The Maricopa County board, despite no evidence of an unjust result, responded to public questioning of the election by performing additional audits. Two companies, SLI Compliance and Pro V&V, are certified by the bipartisan Election Assistance Commission to test election machines and software. Maricopa County hired both to run every conceivable test for fraud or errors. They found none.

The Trump campaign filed one post-election lawsuit in Arizona, which the president’s attorney made clear was “not alleging fraud.” It focused on a small handful of ballots and was ultimately dismissed.

Anyone qualified to vote can challenge an election in court. So why didn’t proponents of the state Senate’s audit do so? Republican governors have appointed every judge in Arizona since January 2009, and every member of our highest court, where litigants are entitled to appeal every election challenge.

Instead, Arizona Senate Republicans issued subpoenas to the Maricopa County board of supervisors seeking voters’ private data, the machines and more than 2 million ballots.
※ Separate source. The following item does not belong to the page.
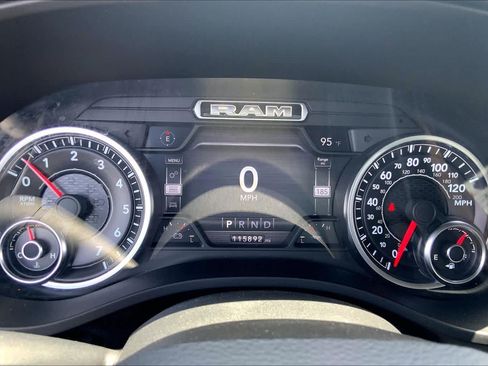 Used 2019 RAM 1500 Big Horn AWD/4WD image 26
On Feb. 26, a judge ruled that the Senate was entitled to the ballots and machines.

Senate President Karen Fann (R) had no place to put them. Despite sending out subpoenas in December and fighting with the county for months and in court, it took more than a month for the Senate to secure the Veterans Memorial Coliseum, ancestral home of the Phoenix Suns, as headquarters for its audit.

On March 31, Fann announced the effort would be led by Cyber Ninjas, a Florida cybersecurity company with no experience in elections. Its owner, Doug Logan, had retweeted claims that the presidential election had been stolen through fraud.

Reporters were initially banned from the Coliseum, then given restricted access, and as of now can watch from the balcony, with many using binoculars. They are not allowed to take photographs or notes.

Auditors refused to say whether the vote counting would be bipartisan. In the next phase, they plan to canvass precincts by questioning voters at their doors. Beyond the $150,000 the Senate allocated for Cyber Ninjas, it is unclear who is funding the audit. One America News, which has promoted baseless allegations of election fraud, is publicly raising money for the audit and has been granted exclusive access to live-stream.

The audit has been going as well as you might expect. The Arizona Republic’s Jen Fifield, who has observed the process, pointed out that blue pens were being used to mark ballots. As the machines can read blue pens, only red pens are allowed near ballots. Logan and Ken Bennett, a volunteer spokesman for the Senate, have given contradicting statements about whether machines would be used at any point in the count.

Volunteers are also using UV lights on ballots. When asked why, Bennett said they were looking for watermarks. When told that Maricopa ballots don’t use watermarks, he said he guessed they wouldn’t find any.

How could anyone expect a partisan process to yield a result more accurate and trusted than the one administered by professionals of all parties following established rules? If you’re a Republican who supports this audit, ask yourself this: If the Democrats had lost, how would you feel if this was their response?